Problem details – From the entries below, print exactly the span beginning with the line holding "Mevlid programında protokol" and ending with the line holding "FOTO: El asaltante", endpoints included, and skip any pictures.

Data excerpts –
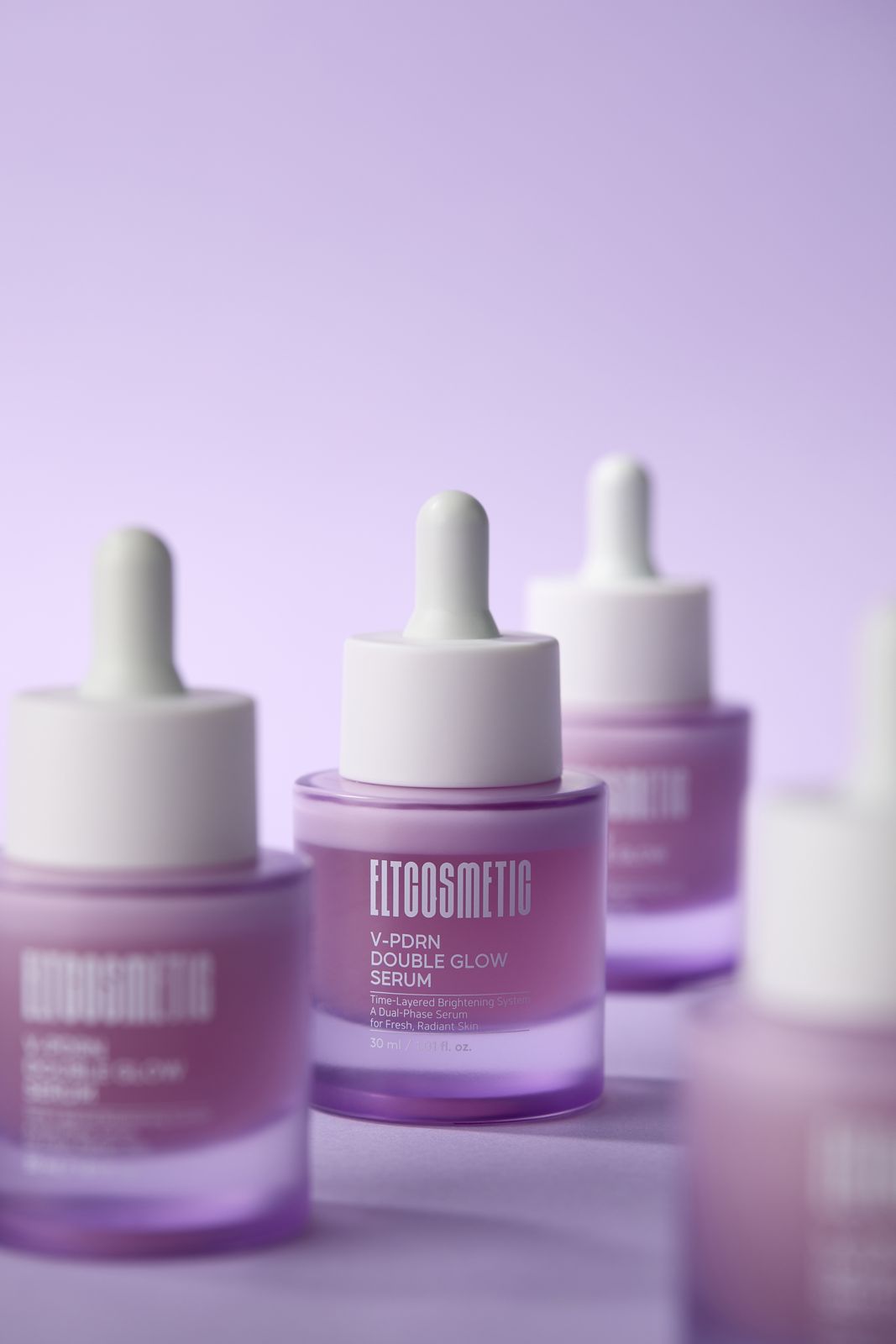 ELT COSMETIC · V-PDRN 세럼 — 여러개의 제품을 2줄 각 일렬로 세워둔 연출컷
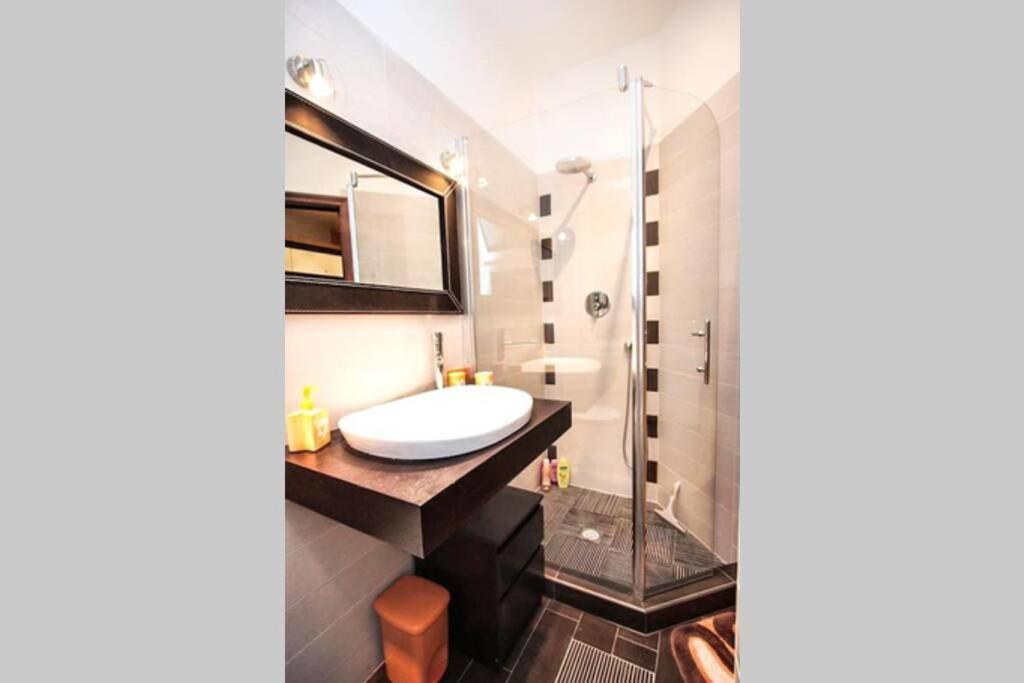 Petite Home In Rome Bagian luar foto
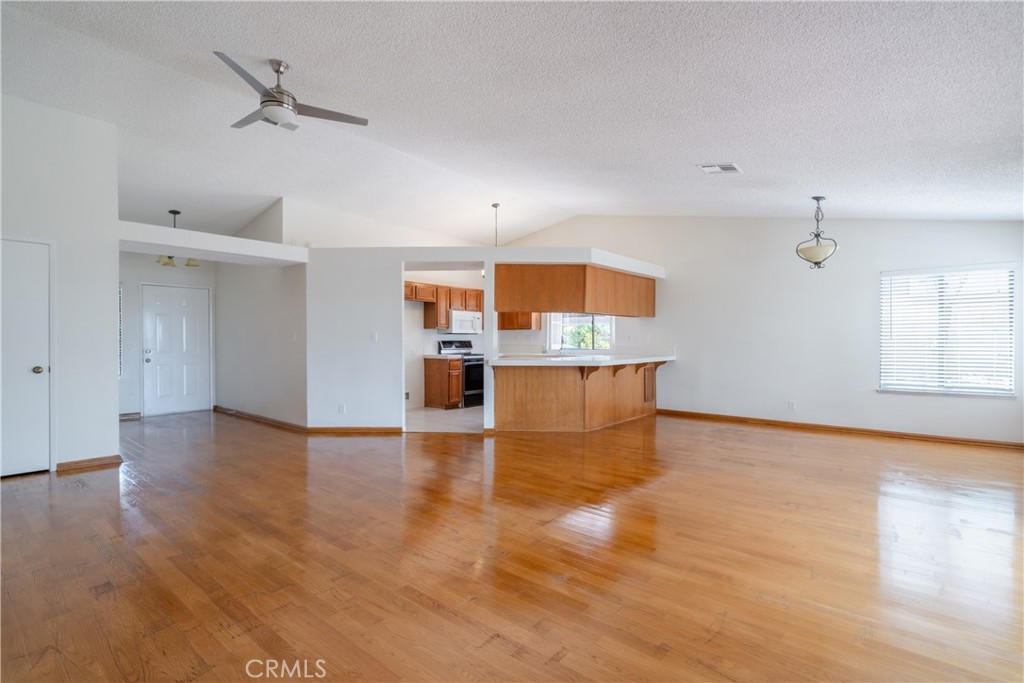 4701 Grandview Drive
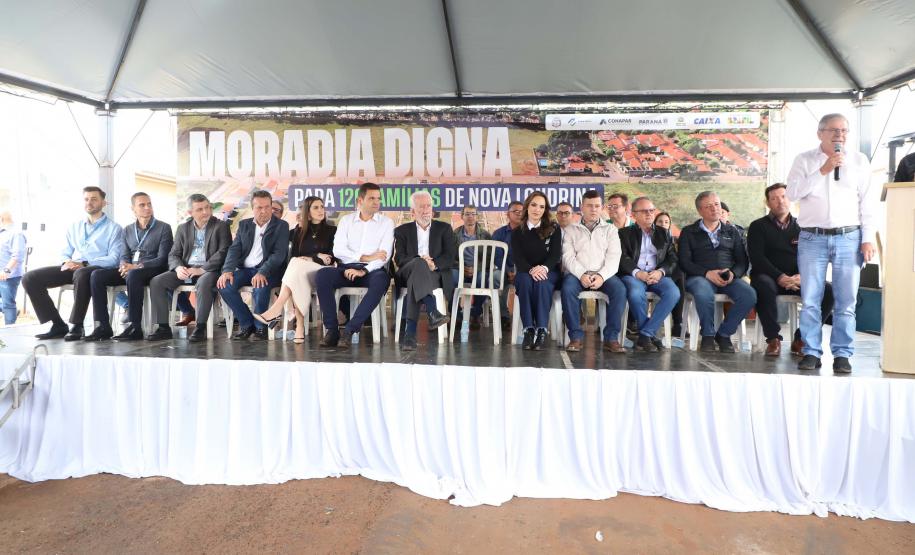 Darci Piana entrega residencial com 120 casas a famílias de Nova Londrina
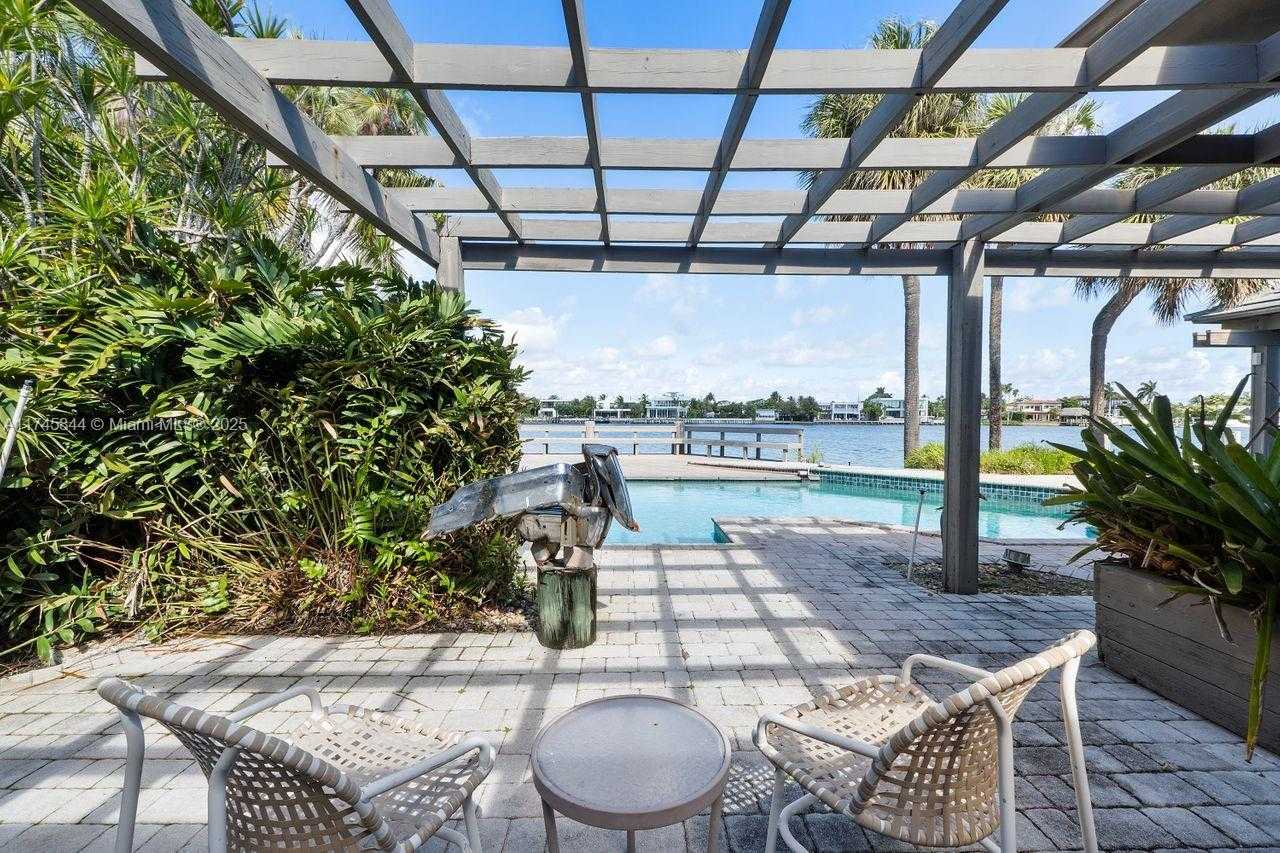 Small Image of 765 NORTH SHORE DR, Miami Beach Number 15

==

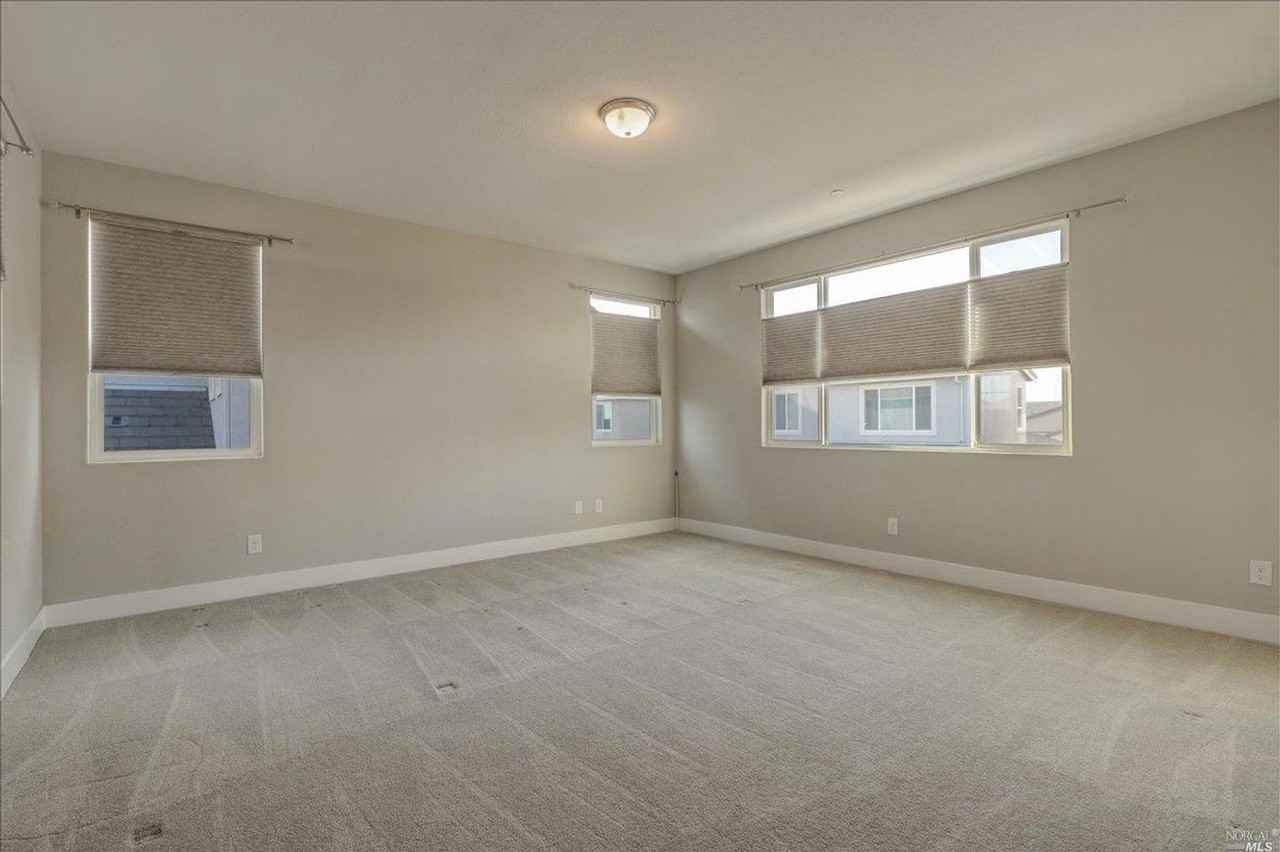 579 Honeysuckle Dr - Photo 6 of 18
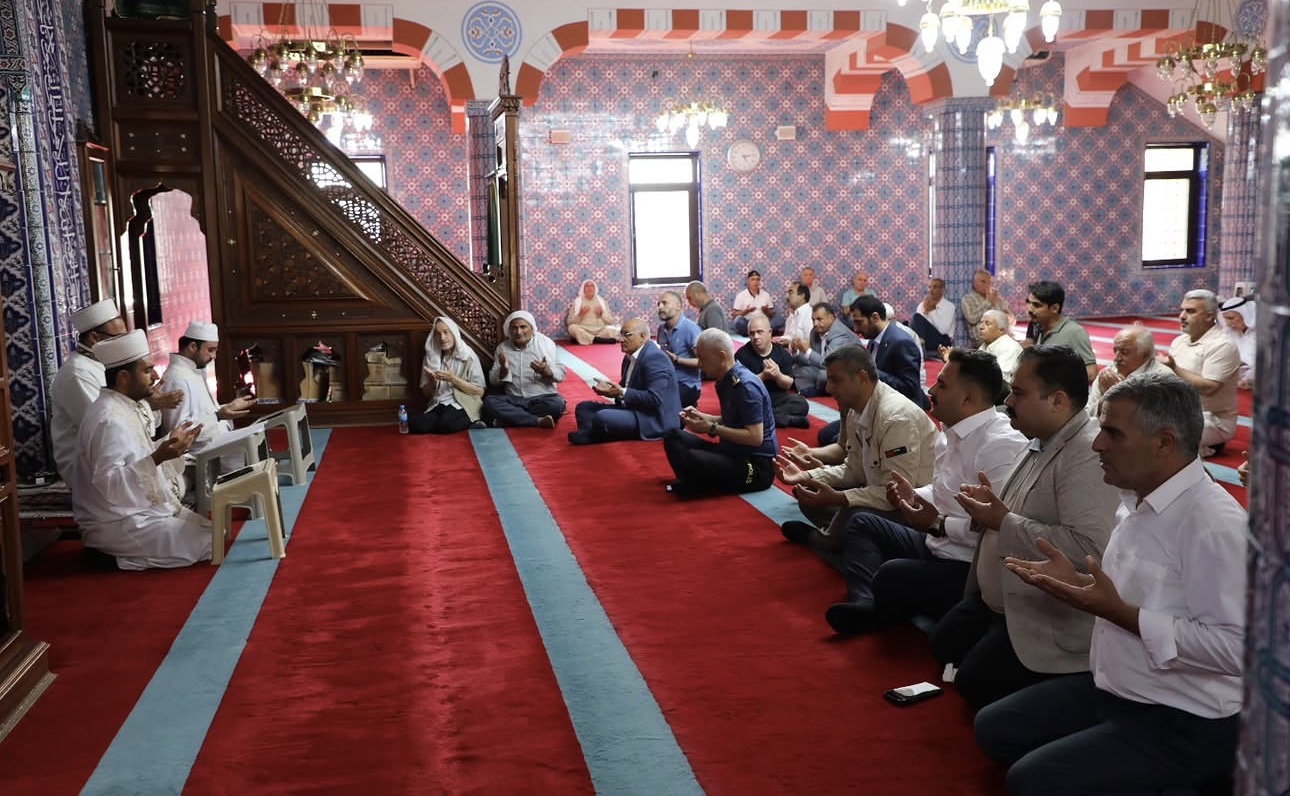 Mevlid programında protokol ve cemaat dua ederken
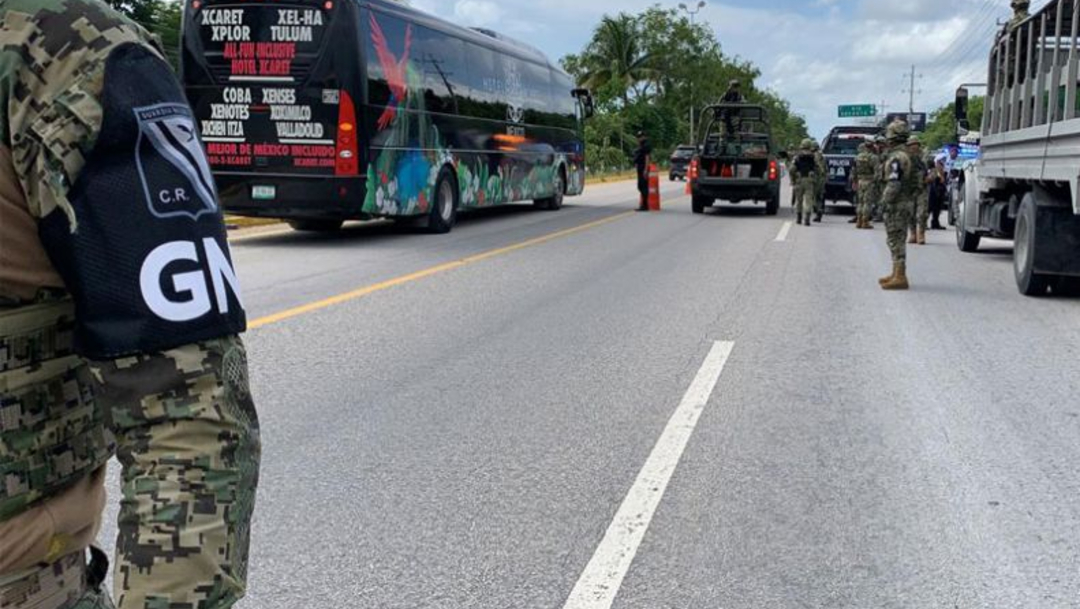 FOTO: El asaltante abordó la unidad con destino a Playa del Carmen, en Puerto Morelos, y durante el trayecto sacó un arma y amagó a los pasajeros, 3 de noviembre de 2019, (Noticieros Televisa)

Problem solution –
 Mevlid programında protokol ve cemaat dua ederken
 FOTO: El asaltante abordó la unidad con destino a Playa del Carmen, en Puerto Morelos, y durante el trayecto sacó un arma y amagó a los pasajeros, 3 de noviembre de 2019, (Noticieros Televisa)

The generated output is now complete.